Design Search Service at Scale (Master-Worker Architecture)

An overview of how to approach a distributed microservice in terms of scalability and fault tolerance.

When designing a search or any other microservice at scale, there are a couple of questions popping up in our heads on reliability and dynamicity. There are multiple ways of achieving a fault-tolerant and reliable service. In this article, I will discuss one way to achieve this by introducing parallel computation followed by data partitioning.

Let us list down the key elements of our design:

1. We want to make it scalable, fault-tolerant, fast, and reliable.
2. We will follow the master-worker architecture and parallel computation and aggregate the results before sending the response to the client.
3. We will allow the loosely coupled and scalable components of our system to register themselves to the corresponding service registry.
4. We will partition the data across a shared database.

System architecture for a scalable Search Service

Leader and Workers interaction

The leader registers itself to the Coordinator Service Registry while the workers register themselves to the Worker Service Registry. Whenever either of the services goes down, it's deregistered from the Service Registry.

A Service Registry is a way for the Load Balancers to discover the healthy instances of a service.

The Leader receives the query and delegates tasks to each of the worker nodes after checking their health status from the Worker Service Registry.

The datasets are huge, so they are partitioned based on a key or a combination of keys. When the Worker nodes receive a task from the Leader Node, based on the task description they read and find the exact partition to the data from. This calculation can be done by the leader using a hash function.

How do we handle failures in this design?

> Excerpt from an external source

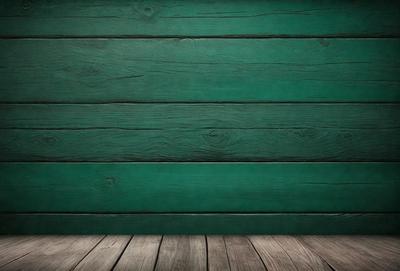 The primary subject of the image is a green wooden wall. The setting is a room with a wooden floor. The visual style is a photo, and the colors and mood are predominantly green, giving the scene a calm and natural atmosphere.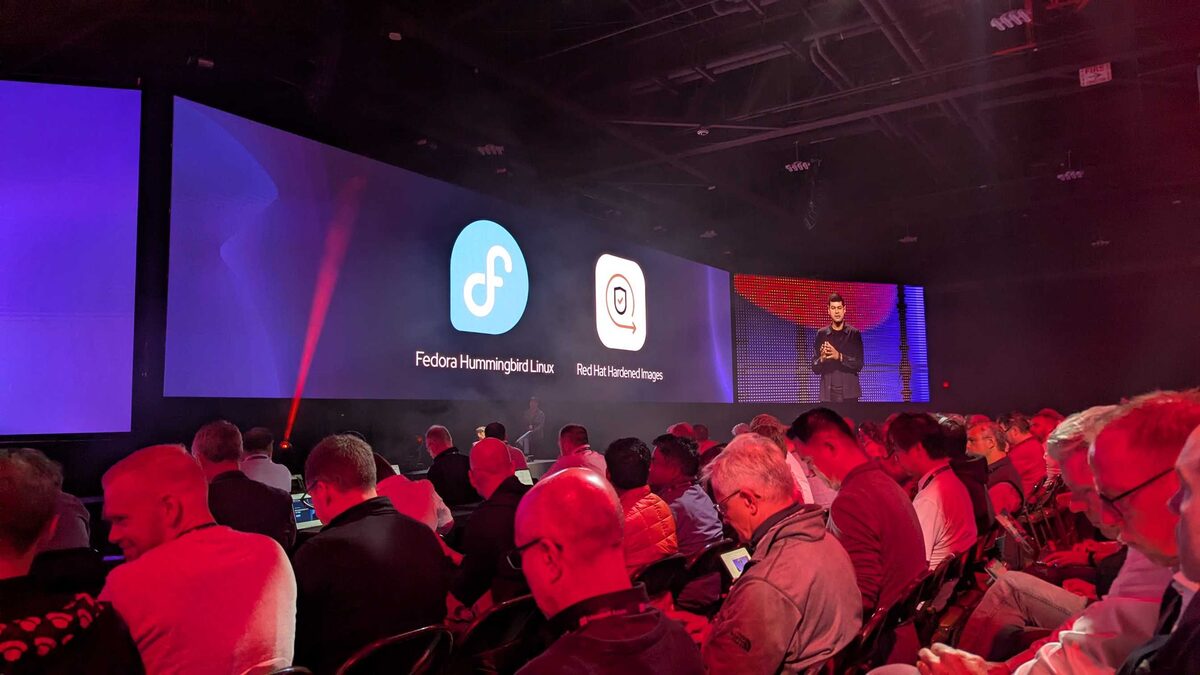 Red Hat Summit 2026 keynote stage with Fedora Hummingbird and Hardened Images announcement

1. If one of the leaders goes down, the leader election brings up a new leader among the available worker nodes and registers the new leader to the Coordinator Service Registry.
2. When the workers go down, the partitioning logic in the Leader node assigns tasks to the remaining workers so that none of the partitions are left unread.
3. The load balancer checks the Coordinator Service Registry and routes the traffic to the available clusters. In case, we see that a few of the clusters are heavily loaded with requests, we can implement logic on the load balancer's end to route the traffic uniformly to the available clusters.
4. The Leader will wait for the workers to get computed results for the search for a specific time period within which the workers are supposed to send back the response. If not, the leader will follow a retry mechanism, failing which the defective worker will be thrown out of the Quorum or marked unhealthy by the Leader in the Worker Service Registry.

💡 By using an open-source toolchain like Bit, you can further ensure reliability in a microservice architecture by making sure your components are made independent, then versioned, tested, and shared across different microservices, with automatic semver and a dependency graph for each. This reduces the risk of failures caused by inconsistent dependencies or code duplication. Find out more here and here.

Learn more here:

Component-Driven Microservices with NodeJS and Bit

Summary

In this article, we got an overview of how to approach a distributed microservice in terms of scalability and fault tolerance. We will dive deep into certain aspects of the search service like the search algorithm, scaling up the database replicas, load balancing logics, strategies to deploy the Worker Service Registry, and many more in the upcoming articles. In one of my articles, I discussed Designing Search Service at Scale using Scatter Gather Pattern https://medium.com/@kamini.velvet/search-service-using-scatter-gather-pattern-13fab5fe71ad

Thank you!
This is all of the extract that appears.